その「やる気」に関してなのだが前述の雪女役の元KARAの知英(ジヨン)がアタマひとつ飛び抜けている印象だ。他の演者たちの努力も勿論窺えるのだが知英のそれは熱量の桁がひとつふたつ違う気がする。KARAを脱退して日本の事務所に所属。退路を断ったかたちで勿論のこと事務所の力ではあろうが日本語が流暢ではないと通じないはずのキャストに挑戦している。知英の日本語は当然のことながら正確ではないのだ。それでも雪女の雪女(ゆきめ)がこれでも良いのではないかと回を追うごとに思えてくるのだから大したものだ。初回の頃と今とでは雲泥の違い。雪女の定番の台詞「ダーリン」がイヤな感じがしなくなった。つまり演者である知英の成長が速いのだ。初回から第7回の間にも日本語のイントネーションの成長が見受けられるのだ。その成長の速さは彼女の見えない努力の賜物だろう。
明らかに努力家であろう知英のことを少し調べたら下のファンへのメッセージの数々を知るに至った。

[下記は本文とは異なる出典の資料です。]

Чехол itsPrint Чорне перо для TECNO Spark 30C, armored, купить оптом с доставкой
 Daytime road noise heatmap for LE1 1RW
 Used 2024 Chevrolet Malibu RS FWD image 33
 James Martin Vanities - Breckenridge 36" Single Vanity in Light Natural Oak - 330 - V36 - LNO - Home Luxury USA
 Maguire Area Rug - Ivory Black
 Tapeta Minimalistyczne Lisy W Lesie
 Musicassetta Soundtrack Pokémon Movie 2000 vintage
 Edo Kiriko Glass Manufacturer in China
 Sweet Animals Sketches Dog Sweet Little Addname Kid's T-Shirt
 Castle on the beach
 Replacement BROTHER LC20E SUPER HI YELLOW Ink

↓この直筆の手紙は東日本大震災の後での日本人へのお見舞い文だ。慣れない日本語を一生懸命書いたであろうことは想像に難くなく真心がこもった温かいメッセージだ。
そして3年あまり経った今年の4月のメッセージが↓これだ。KARA脱退後の思いを綴ったもので大人の文章として漢字とするべき箇所が全て漢字になっている。凄い成長っぷりだ。
そしてつい最近の手書きメッセージが↓これだ。
字がどんどんキレイになっている。もう日本生まれの日本人が書いたと言われても疑うことがないほどのレベルだ。
日本語の習得でもここまでの努力をする彼女ならば日本語での演技でも今後飛躍的な伸びを見せることだろう。こういう人は自然と応援したくなる。